A one-line spoiler-free review of everything I watched in the cinema in March 2023

I’ve never really been a movies person, they last too long and I always want the bar/toilet after 20 minutes like at a gig, which stresses me out. But I got myself a BFI and a Picturehouse membership and once a week I try to find the weirdest most ‘Martin’ thing to watch somewhere. But I’ve treated it like watching TV/gigs/football rather than a sacred art event. Boring? I’ll leave. Need a wee or a drink? Go do that. Occasionally you miss the vital two minutes of a movie but then so what? There’s another one next week. It’s been brilliant.

Au Hasard Balthazar (1966), Robert Bresson – It was 25th in the BFI’s recent greatest 100 films of all time but I didn’t last the distance. I went because it has a donkey in it and was an influence on Jerzy Skolimowski’s EO which I loved last month, but I found this to be a dull psychodrama about rural French life that I struggled to follow and it failed to capture my interest. Needed more donkey.

Rashomon (1950), Akira Kurosawa – A whodunnit mystery told via conflicting flashback accounts, this had incredible cinematography, superb editing, a brilliant soundtrack, and Toshiro Mifune absolutely commanded the screen as the unhinged bandit Tajōmaru.

Close (2022), Lukas Dhont – I don’t know why I put myself through this because I had burst into tears every time I saw the trailer – the story of two young lads who are close childhood friends whose lives are then absolutely wrecked by homophobic bullying at secondary school. Luckily it had subtitles as not sure anybody else in the cinema would have heard the dialogue over my sobbing during the final third.

I went to three movies being shown at the BFI Flare 2023 London LGBTIQ+ film festival.

Unidentified Objects (2022), Juan Felipe Zuleta – Sarah Hay and Matthew Jeffers make unlikely road buddy mates with zinging dialogue – he’s a bitter lonely little person and she’s a sex worker trying to make a rendezvous (possibly with aliens) and needs his car. It is conceivable that much of the movie is hallucinated by one or other or both of them, making it enjoyably mystifying.
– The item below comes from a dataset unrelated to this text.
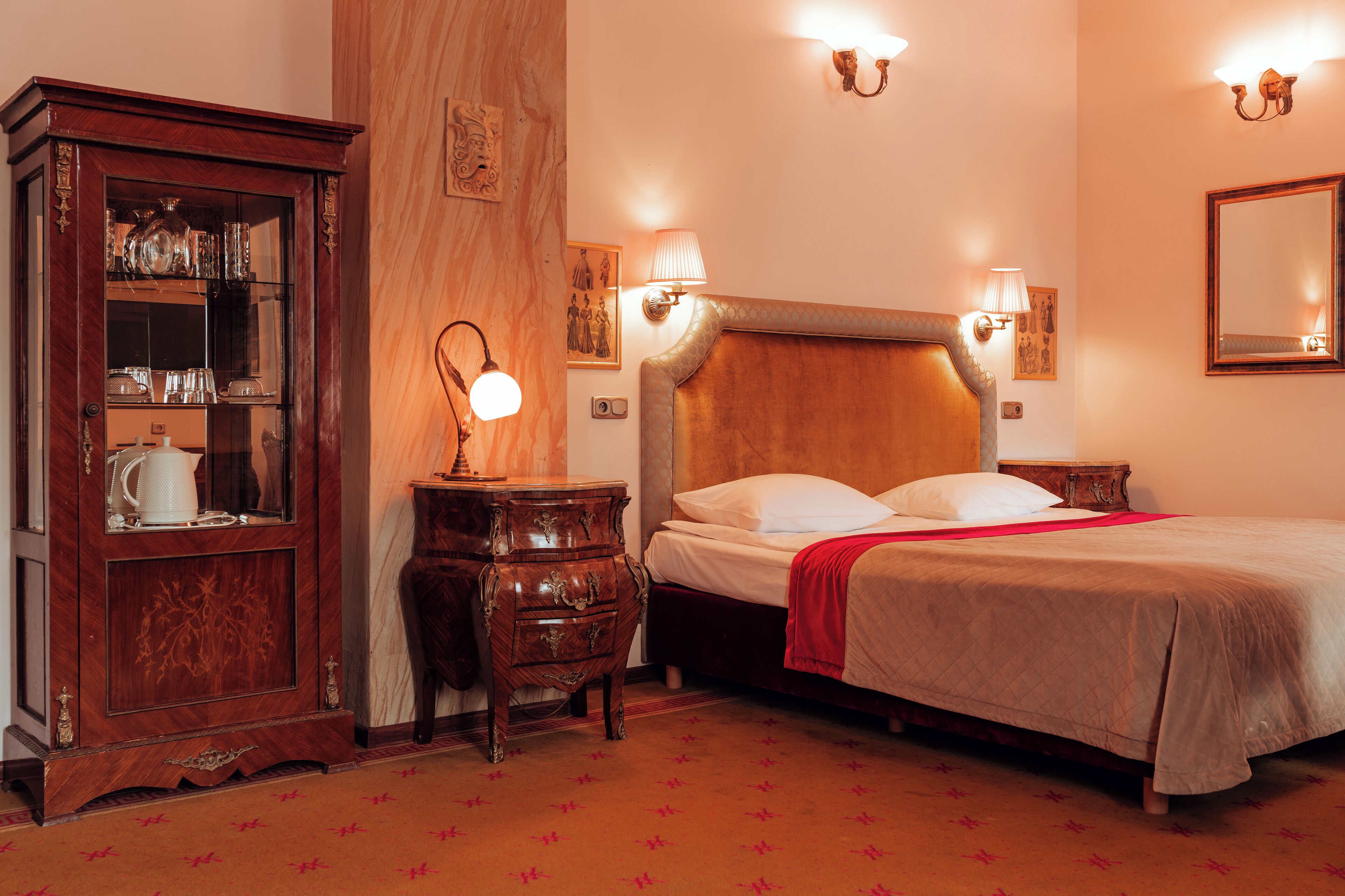 Une chambre d’hôtel avec une tête de lit en bois, un lit recouvert de draps blancs, un plaid rouge, une armoire en bois dotée de portes en verre et des lampes fixées au mur.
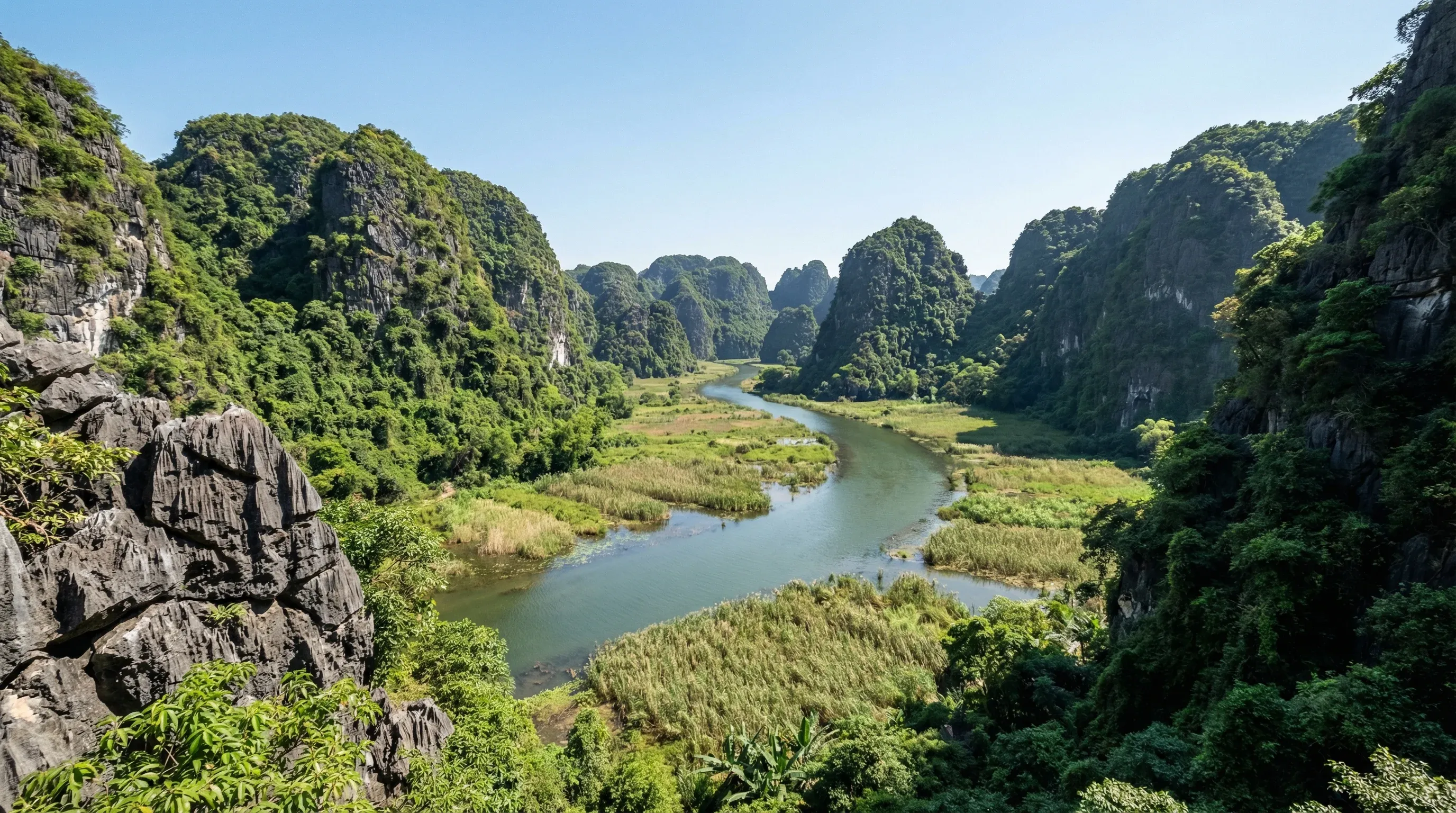 A winding river flowing through a valley of steep limestone karst mountains covered in green foliage in Ninh Binh, northern Vietnam.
Matthew Jeffers in Unidentified Objects

The Chambermaid (2022), Mariana Cengel-Solcanská – I knew this was gonna be “Posh lady falls in love with chambermaid around the time of the first world war”, so was expecting a sort of lesbian Lady Chatterly type thing, but it was a bit darker than that, and while I think it slightly over-egged the “this house is literally an analogy for the Austro-Hungarian empire” line, it was very good despite every male character in it being a rotter and every woman in it inadvertently revealing their vicious streak.

Silent Love (2022), Marek Kozakiewicz – When I booked it I was aware this was going to be about people trying to hide a lesbian relationship in modern Poland, but hadn’t clocked it was a documentary, and that the release of the film would also act as their official coming out. Moving, but also with lots of funny bits, especially with moody/unhygienic/put upon teenager Miłosz who one of the women was trying to formally adopt.